Por: Raúl Fuentes
Tienen unas cuantas vidas, los gatos: siete o nueve, dicen. Creo que he aprendido, no a quererlos como para convivir con ellos, pero sí a hacerme la vista gorda en su presencia, pues leí que quien los odia reencarna como ratón; por si fuera poco, hay dualidad de pareceres respecto a sus extremidades. Levé, por eso, anclas para navegar por Internet a fin de encontrar un diccionario razonado de paremias y atraqué en el portal de la Fundación de la Lengua Española. Aquí constaté qué hay quienes buscan tres pies al gato y no cinco como estipula la lógica, pues encontrar un trío en un cuarteto es una bolsería, mientras que hallar un quinteto sí que sería rizar el rizo o cuadrar el círculo. No averigüé si las diferencias numéricas eran sustantivas o formales; pero, la verdad no importa, porque sean tres o cinco, esta gente (como la denomina Francisco Suniaga), que dice gobernar y lo que hace es segregar y excluir, no atina a dar con una extremidad que garantice equilibrio y trastabilla en su afán de demostrar lo imposible o certificar lo improbable mediante falaces argumentos y engañosos razonamientos.

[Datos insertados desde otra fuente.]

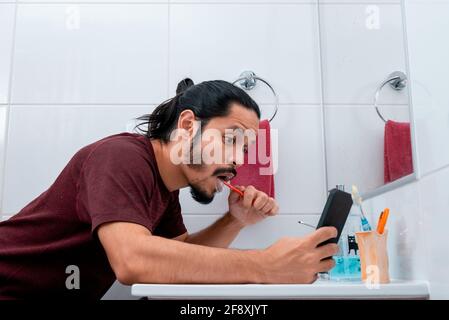 Jeune homme latin avec de longs cheveux noirs utilisant le téléphone tout en se brossant les dents dans la salle de bains Banque D'Images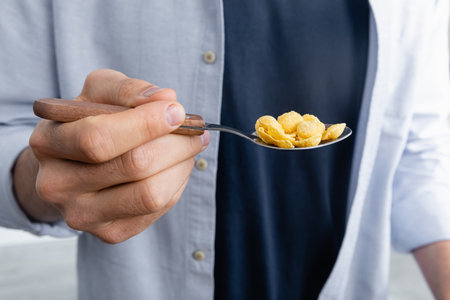 cropped view of man holding spoon with corn flakes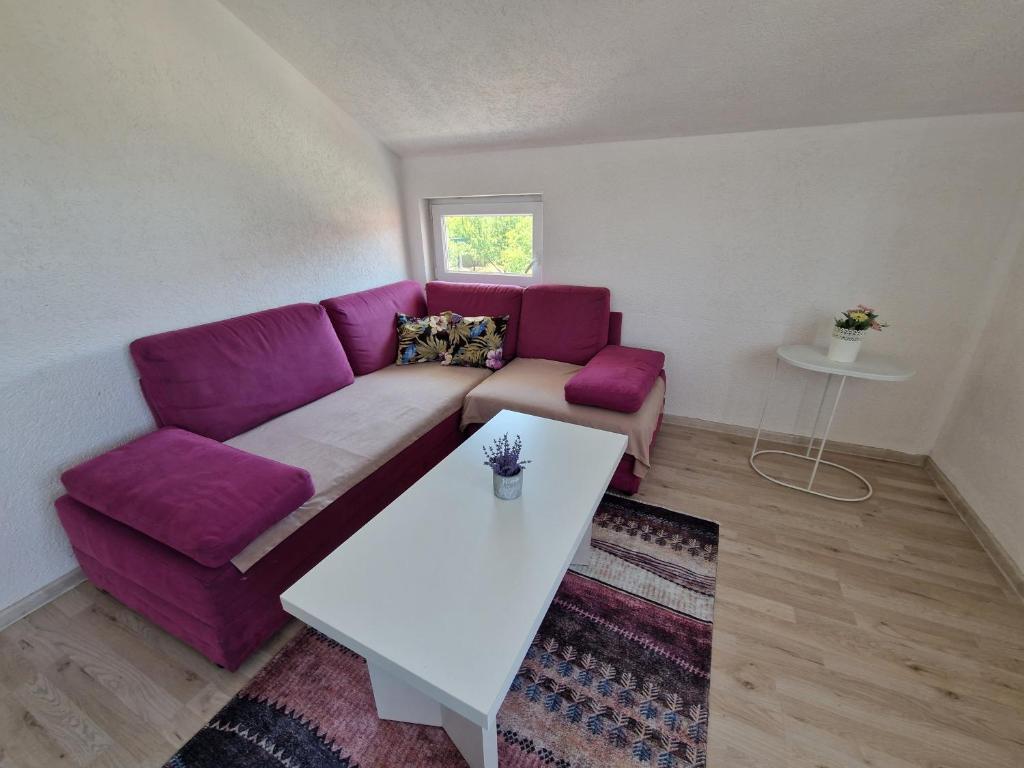 sala de estar con sofá púrpura y mesa en Sweet guesthouse en Mostar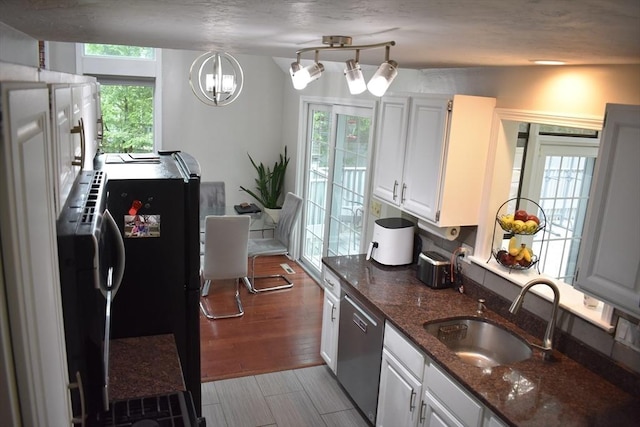 16 Sherborne Cir, Ashland, MA 01721 - kitchen with a sink, dishwasher, dark stone counters, white cabinets, and a chandelier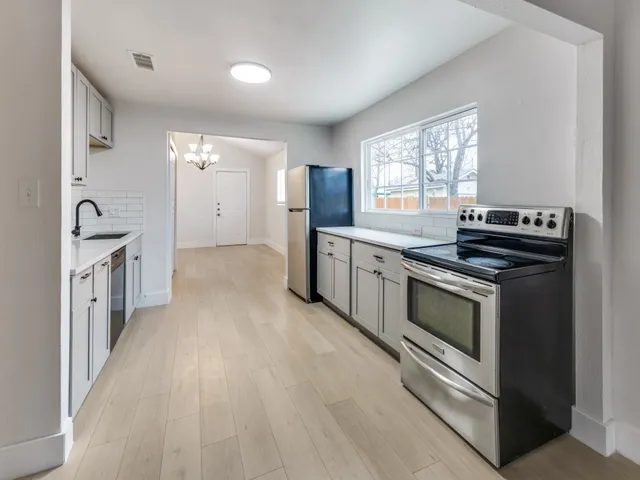 a kitchen with stainless steel appliances granite countertop a stove and a sink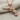 Checkered Grip Revolver Pendant, rose gold, front view on fabric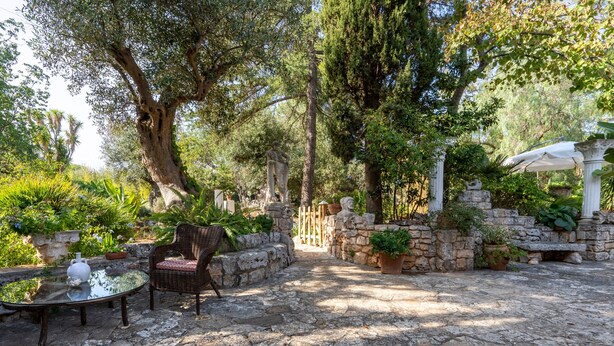 A stone patio with a wicker chair and a table, surrounded by potted plants and a stone wall. - Apartment 'Villa Massa' with Sea View, Wi-Fi and Air Conditioning (Polignano a Mare)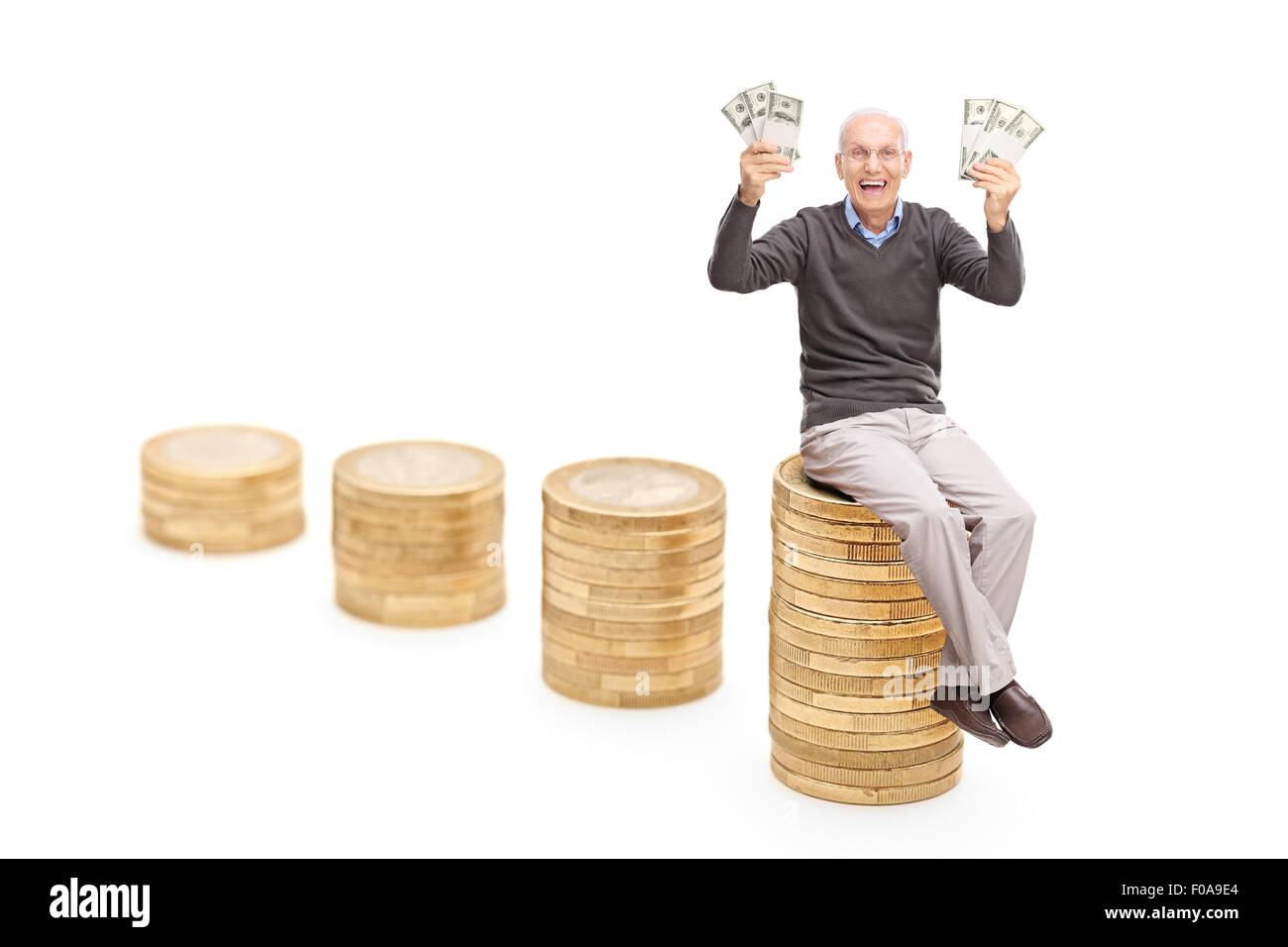 Studio shot di un contentissimo senior tenendo un sacco di soldi seduto su una pila di monete isolati su sfondo bianco Foto Stock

Eso de “buscarle tres pies al gato” se lo debemos a Miguel de Cervantes, y hay hipótesis que postulan que el escritor complutense aludía a los pies métricos de la palabra gato, que son dos, y no a félido viviente alguno; Covarrubias –contemporáneo del príncipe de los ingenios – sostiene, sin embargo, que lo indicado es tratar de hallar la quinta pata, esa que alguno podría confundir con el rabo – esto no lo dice el lexicógrafo toledano, pero insinúa que en tiempos anteriores a él era factible que tal cosa sucediera. En todo caso, no importa en procura de cuál pata se lanzó el chavismo cuando, en su delirio comunal y buscando lo que no se le había perdido, comenzó a fomentar la multiplicación de formaciones parainstitucionales, capaces de imponer su anárquica agenda a los poderes públicos, para desembocar en una crisis de gobernabilidad que socava la precaria estabilidad de la República. Y no es esta una afirmación exagerada, sino una conclusión que se desprende de los acontecimientos que han colocado al Ejecutivo entre la espada y la pared al punto de que, sin saber de cuál palo guindarse, ensaya una reorganización de los cuerpos represivos que no se traducirá en mejoras, porque entre las credenciales de los responsables de adelantarla sobresale su probada ineptitud en materia de seguridad.
El país, después de 15 años de desvarío populista, ha pasado a ser administrado abiertamente por una cúpula verde oliva, que enrojece cuando le conviene y tiene bajo su férula a un puñado de civiles que marchan al ritmo de las marciales notas que entona la Fuerza Armada Nacional Bolivariana; y ésta, cabe deducir más que especular – estaría bailando al son que tocan en La Habana. ¿Por qué tales afirmaciones? Porque aunque el Ejecutivo ha traspasado casi por completo la toma de decisiones a Fuerte Tiuna, buena parte del monopolio de la violencia legítima ha ido a parar a esa felina extremidad, faltante o sobrante, representada por los colectivos.
Esa anomalía es lo que nos hace sospechar que hay una especie de plan maestro – diseñado a instancias de los Castro, y con la anuencia del eterno que aún no era muerto sino moribundo, para asegurar la terca supervivencia, no ya de una caduca ideología que más bien estorba, sino de una satrapía gerontocrática y de un confuso proyecto absolutista a contracorriente de la modernidad– sustentados en el parcelamiento restringido del poder, la polarización extrema de la sociedad y la exaltación del líder o, en nuestro caso, de su espectral omnipresencia.
Para romper ese perverso esquema, que se traduce en una morbosa y sadomasoquista relación con el gobierno, no es aconsejable hurgar entre las piernas del enigmático cuadrúpedo –de ello debería estar consciente el liderazgo opositor–, sino contraponer una oferta que dignifique al individuo y no lo haga dependiente de la caridad pública en vez del trabajo estable y bien remunerado, como condición indispensable para reconocerse como ser social. De este modo sepultaremos de una vez por todas a Bolívar y a su funesta secuela de sedicentes legatarios –Guzmán, Gómez, Pérez Jiménez, Chávez– y exorcizaremos los fantasmas de un ayer sin fin aparente. De lo contrario seguiremos siendo, como diría Borges, unos presocráticos con todo el pasado por delante.